We didn't have nice backpacks from Wilderness Suppliers. We rolled up our rations inside our two blankets each, wrapped them in a piece of tent cloth, tied it all together with a piece of tent rope, and slung it over a shoulder. Also there were a lot of people-almost all the women-who'd been interned wearing street shoes. Their feet were soon in trouble. Those who wore riding boots or engineer's boots were just as bad off. A few tried to go barefoot, but they put their shoes back on pretty quickly. Marilyn was wearing stout, low-cut walking shoes, but gravel and sand got in them. We took turns carrying Marcel. I offered to carry her pack for her, but she wouldn't let me. She said it would make her look bad to the Navajo women.

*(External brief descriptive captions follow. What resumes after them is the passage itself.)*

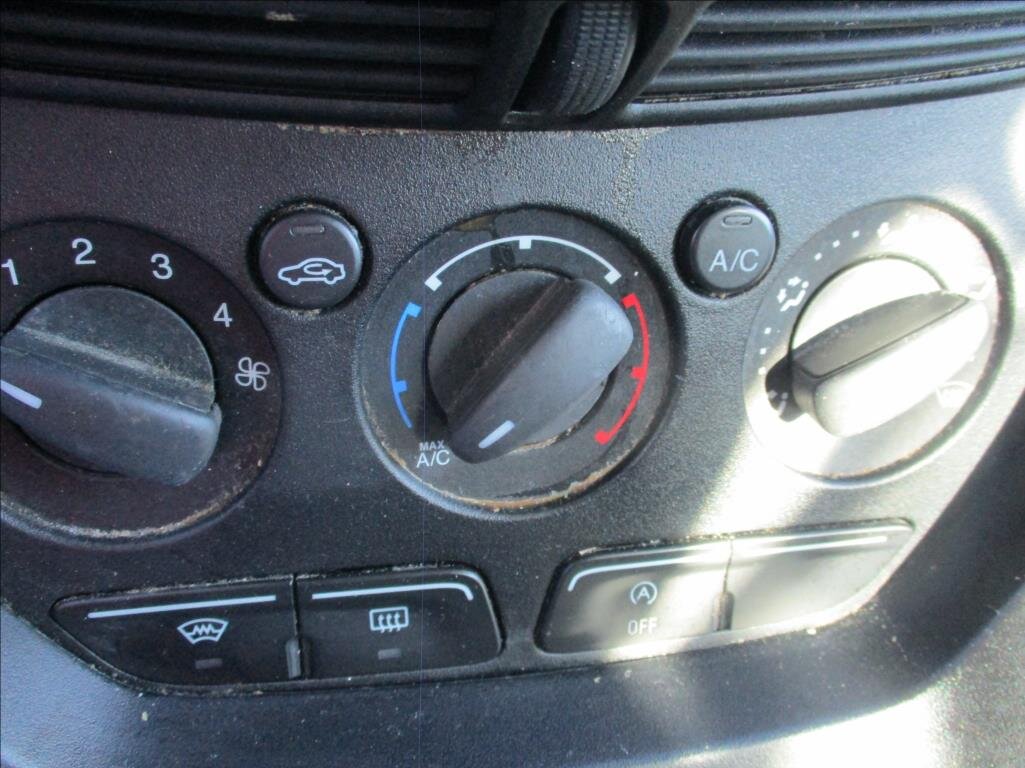 Ford C-MAX Kombi 1,6 l 85 kw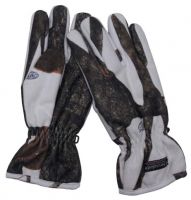 Полярные флисовые перчатки, с подкладкой Thinsulate, hunter- snow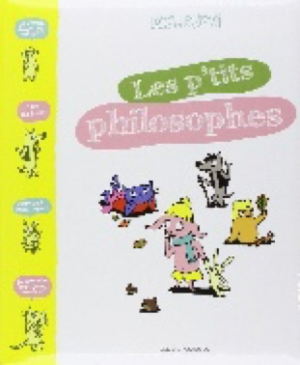 Les ptits philosophes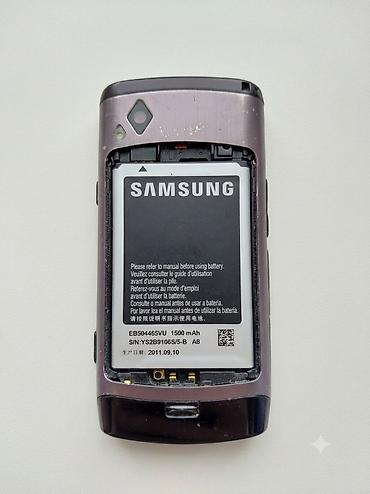 iphone se1: Samsung Wave GT-S8500. Для любителей раритет, иногда — 3
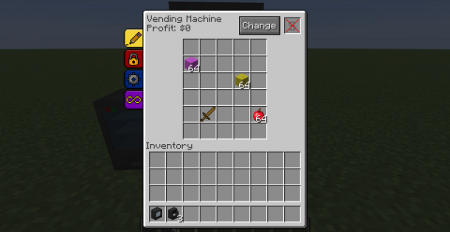  Good Ol Currency  Minecraft 1.12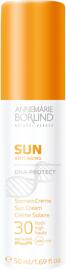 Sonnencreme ANNEMARIE BÖRLIND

The canyon we worked our way down into was about seven hundred meters deep there, according to our map, and the way was steep, treacherous in places. It wasn't like hiking the Bright Angel or Kaibab Trails down into the Grand Canyon in Arizona. Those were surveyed, improved, and maintained-almost manicured; I suppose they still are. This was rough, untracked and uncertain. Much of it required scrambling instead of hiking. And we had people, especially women, who'd never hiked in their lives. Some weighed more than a hundred kilos, even after thirteen months on the Makarov. For them, the trail was hell; for some it was impossible. Twice we got cliffed out and had to wait while the scouts hunted for a way to continue. Then we all had to backtrack a ways before we could go on again. Once a scout fell to his death. We also lost eight people who fell when rock slid away beneath their feet and they couldn't stop sliding before they went over an edge.